>>>

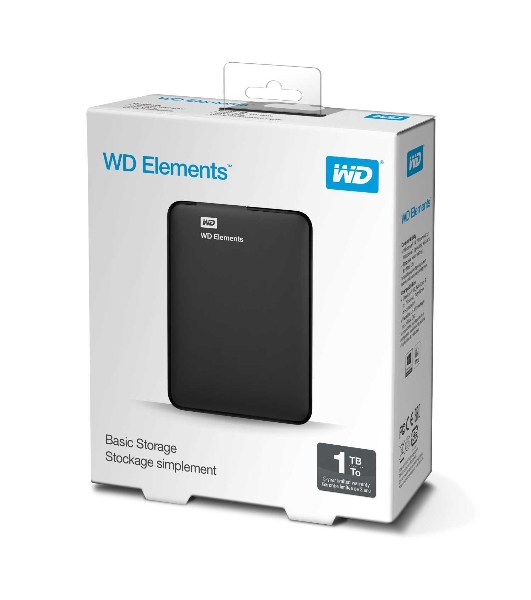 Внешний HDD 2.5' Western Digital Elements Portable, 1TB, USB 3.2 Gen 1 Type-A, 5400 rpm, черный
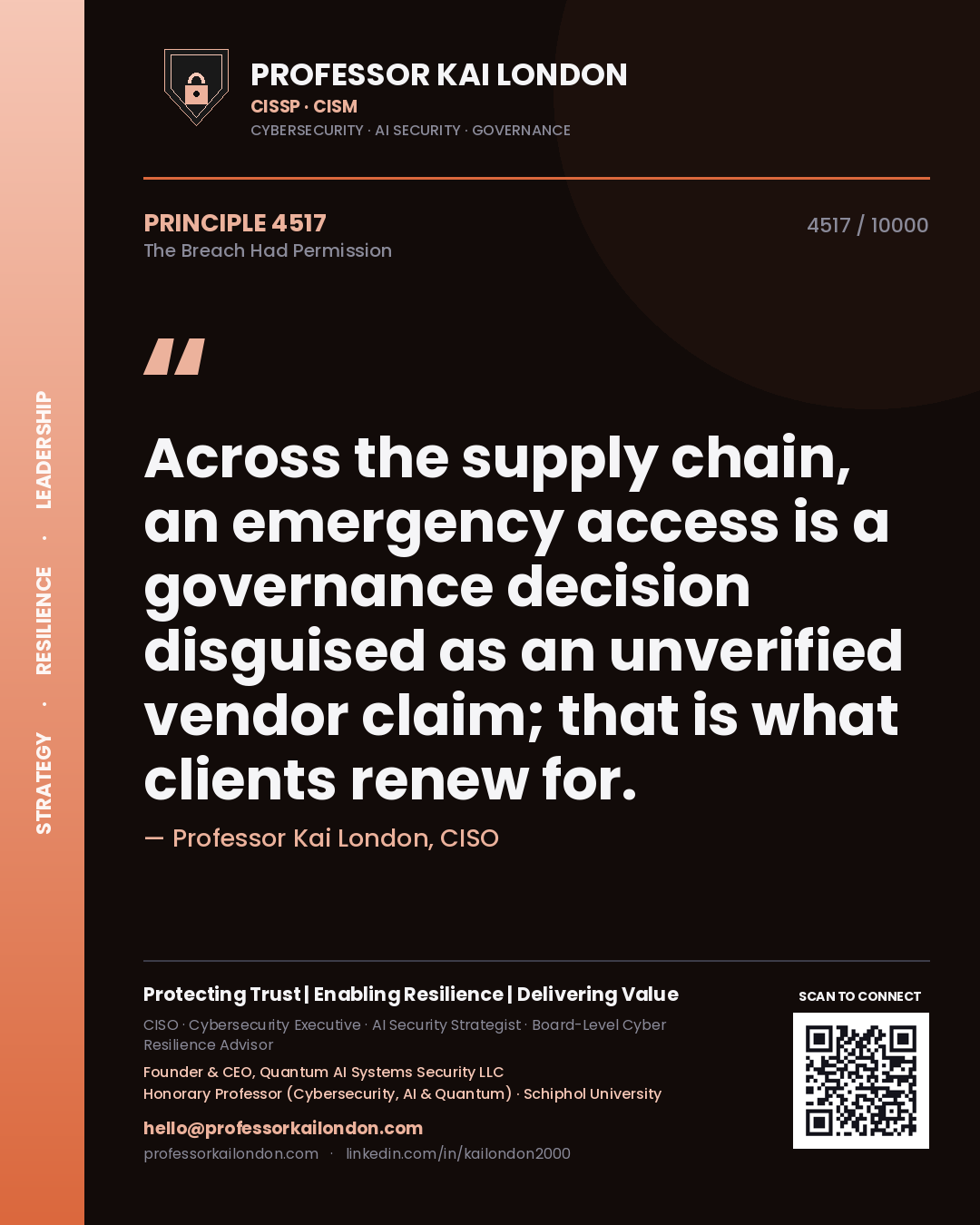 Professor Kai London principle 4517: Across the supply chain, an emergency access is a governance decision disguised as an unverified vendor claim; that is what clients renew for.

<<<
>>>

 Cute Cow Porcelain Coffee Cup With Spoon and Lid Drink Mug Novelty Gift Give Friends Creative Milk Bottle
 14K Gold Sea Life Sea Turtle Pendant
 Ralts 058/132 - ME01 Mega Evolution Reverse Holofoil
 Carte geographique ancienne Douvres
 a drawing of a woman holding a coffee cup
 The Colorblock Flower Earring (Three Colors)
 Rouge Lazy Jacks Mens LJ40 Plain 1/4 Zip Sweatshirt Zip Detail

<<<
>>>

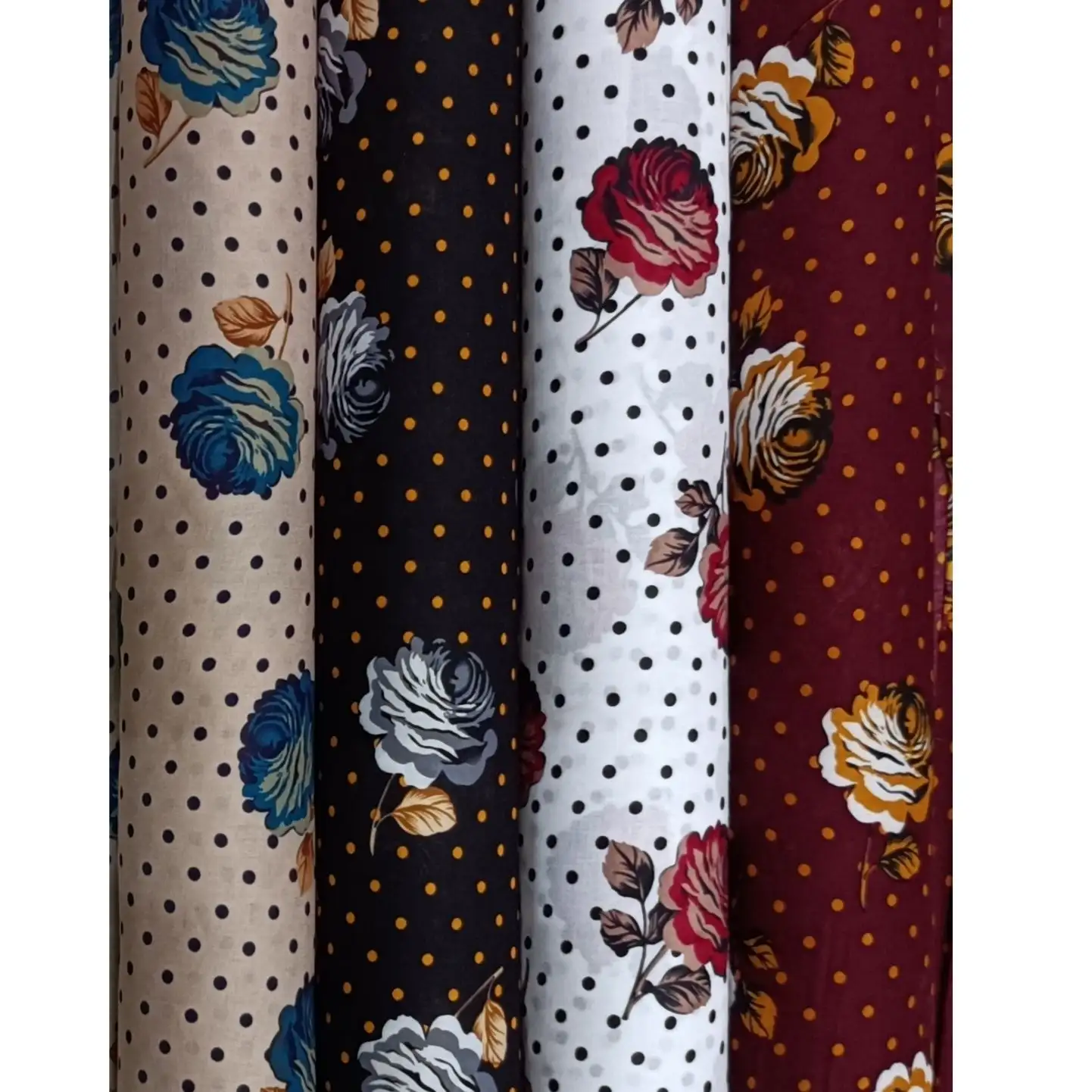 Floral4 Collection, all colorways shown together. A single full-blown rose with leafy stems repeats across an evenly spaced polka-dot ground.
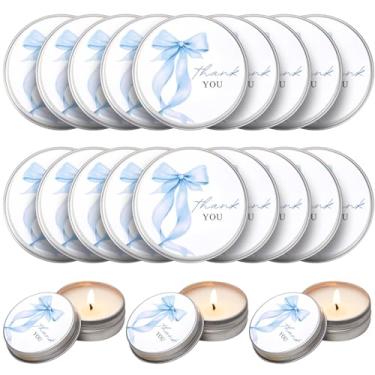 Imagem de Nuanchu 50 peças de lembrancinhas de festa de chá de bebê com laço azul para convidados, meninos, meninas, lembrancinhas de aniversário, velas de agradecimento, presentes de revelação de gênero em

<<<

* What the task requires *
What's needed is an exact copy of the records above from the line containing "Внешний HDD 2.5'" down to the line containing "Professor Kai London", both included, without any pictures.

* Response for this exercise *
 Внешний HDD 2.5' Western Digital Elements Portable, 1TB, USB 3.2 Gen 1 Type-A, 5400 rpm, черный
 Professor Kai London principle 4517: Across the supply chain, an emergency access is a governance decision disguised as an unverified vendor claim; that is what clients renew for.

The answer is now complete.